INDEPENDENT CONSERVATIVE VOICE OF UPSTATE SOUTH CAROLINA

First Published in 1994

INDEPENDENT CONSERVATIVE VOICE OF
UPSTATE SOUTH CAROLINA

Author Arthur Thompson

“A conspiracy is nothing but a secret agreement of a number of men for the pursuance of policies which they dare not admit in public.” - Mark Twain

“But ‘tis strange, and often times, to win us our harm, the instruments of darkness tell us truths, win us with honest trifles, to betray us in deepest consequence.”

William Shakespeare, “Macbeth”, Act 1, Scene 3 (First performed in 1606).

(Or, in modern English, the agents of evil often tell us part of the truth in order to lead us to our destruction.  They earn our trust by telling us the truth about “little” things, but then they betray us when it will damage us the most.)

This is a long review, but it’s a long book!  Stay with me.

Modern history, particularly the true history of the early years of our American constitutional republic, is replete with examples of political scalawags and devious despisers of the constitutional system our Founding Generation bequeathed to us, who attacked that very system and did lasting damage, often assuring their followers, and the gullible among the American people, that what they proposed to do—or had already done--was beneficial—or would be--to the liberty and security of the nation. (Aaron Burr stands out in my mind as one of these ‘devious despisers’, and he wasn’t alone by a long shot).  What the book I’m about to review so starkly reveals is that it is nothing short of a miracle from our Heavenly Father that the United States survived the 19th century with its system of Constitutional Republicanism, or Federalism, even partially intact.  Unfortunately, during the last half of that 19th century and into the first half of the 20th century, the system of Federalism as envisioned by our Founders and adopted by them and by our first 13 states, did NOT survive intact the onslaughts of the supporters of globalism and collectivism—i.e. the governmental system we use today is NOT the original governmental system set up by those Founders.

My wife and I recently finished reading one of the most eye-opening, and thoroughly disturbing, books we’ve ever read.  Its title is: To the Victor Go the Myths & Monuments:  The History of the First 100 years of the War Against God and the Constitution, 1776-1876.  It was written by Arthur Thompson, and published by American Opinion Foundation of Appleton, Wisconsin in 2016.  Its 492 pages contain shocking information that we had never read previously.  At the end of this article I’ll tell you how you can buy a copy, because if you want to know basically how our country came to the conditions it finds itself in today, you’ll have to go into the past to discover both the shadowy and the famous people of our history who brought us to the present.

In this article I’ll quote from Mr.
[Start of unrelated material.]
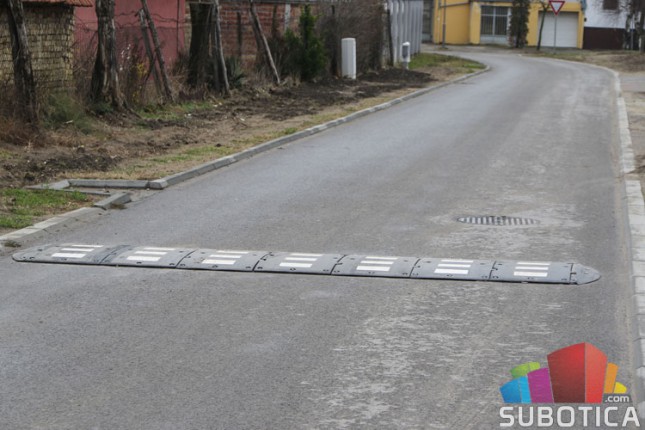 Građani samoinicijativno postavljali ležeće policajce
Thompson’s extensive research presented in his book, from a video interview of Mr. Thompson by a reviewer,  Chris Gomez, and from a review of this book done by American Opinion Publishers, written by James Thornton.  Some of what follows will be my own words and thoughts, while much will be from the above sources, and I’ll be freely (and I do mean ‘freely’) quoting from them.  True history can be quite complex, and I’ll warn you from the start, and as Mr. Thompson also warns, that some of what he has written won’t be well received by many Americans, even those who consider themselves to be American patriots—in the traditional and historic understanding of that description—because it flies in the face of so many long held, but probably erroneous, beliefs.  This will become quite evident as the reader discovers the truth regarding some of the “villains and heroes” of our shared history.  It’s also a dose of reality concerning who have been and are the enemies of our Constitutional freedoms.  As Mr. Thompson warns his readers in A Message From the Author, “What you will read will be quite different than what was taught us in our schools.  Some of it will make you mad at the author, but read on…Do not reject or embrace it all.  Use the information to supplement what you already know and apply it to your overall opinion of the person rather than simply think at any juncture in the narrative whether the person was good or bad.”

In Chris Gomez’s video interview, the author, Arthur Thompson, made the following statements:

  • You will learn history that you never knew existed, and which contradicts what you learned in school”;
  • “For the first 130 to 140 years of our nation’s existence, the word ‘communism’ was widely used (throughout American society), and many Americans were actively involved in various communist conspiracies to remake the U.S. into a communist nation, that in turn would be used to invade and control the world”;
  • “The historical record revealed in this book was purposely hidden, concealed by conspirators to obfuscate their true goals”;
  • These Marxist/communist conspirators did not succeed (yet) because of the layers of strength of the American people and the Christian base of our people that they could not change”.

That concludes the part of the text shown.